Wang Lei, Wang Yihan, Liu Zhixing, Wu Ed X, Chen Fei
Department of Electrical and Electronic Engineering, Southern University of Science and Technology, Shenzhen, China.
Department of Electrical and Electronic Engineering, The University of Hong Kong, Pokfulam, Hong Kong SAR, China.
Front Neurosci. 2022 Feb 10;15:760611. doi: 10.3389/fnins.2021.760611. eCollection 2021.
In the competing speaker environments, human listeners need to focus or switch their auditory attention according to dynamic intentions. The reliable cortical tracking ability to the speech envelope is an effective feature for decoding the target speech from the neural signals. Moreover, previous studies revealed that the root mean square (RMS)-level-based speech segmentation made a great contribution to the target speech perception with the modulation of sustained auditory attention. This study further investigated the effect of the RMS-level-based speech segmentation on the auditory attention decoding (AAD) performance with both sustained and switched attention in the competing speaker auditory scenes. Objective biomarkers derived from the cortical activities were also developed to index the dynamic auditory attention states.

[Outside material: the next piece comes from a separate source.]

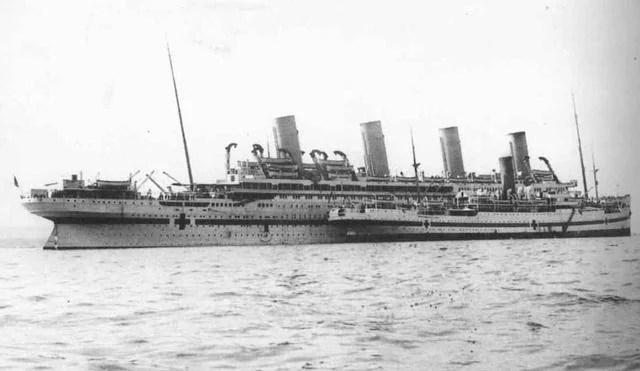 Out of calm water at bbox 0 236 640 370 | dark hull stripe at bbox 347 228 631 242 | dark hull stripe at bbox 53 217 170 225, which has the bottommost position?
dark hull stripe at bbox 347 228 631 242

In the current study, subjects were asked to concentrate or switch their attention between two competing speaker streams. The neural responses to the higher- and lower-RMS-level speech segments were analyzed the linear temporal response function (TRF) before and after the attention switching from one to the other speaker stream. Furthermore, the AAD performance decoded by the unified TRF decoding model was compared to that by the speech-RMS-level-based segmented decoding model with the dynamic change of the auditory attention states. The results showed that the weight of the typical TRF component approximately 100-ms time lag was sensitive to the switching of the auditory attention. Compared to the unified AAD model, the segmented AAD model improved attention decoding performance under both the sustained and switched auditory attention modulations in a wide range of signal-to-masker ratios (SMRs). In the competing speaker scenes, the TRF weight and AAD accuracy could be used as effective indicators to detect the changes of the auditory attention. In addition, with a wide range of SMRs (i.e., from 6 to -6 dB in this study), the segmented AAD model showed the robust decoding performance even with short decision window length, suggesting that this speech-RMS-level-based model has the potential to decode dynamic attention states in the realistic auditory scenarios.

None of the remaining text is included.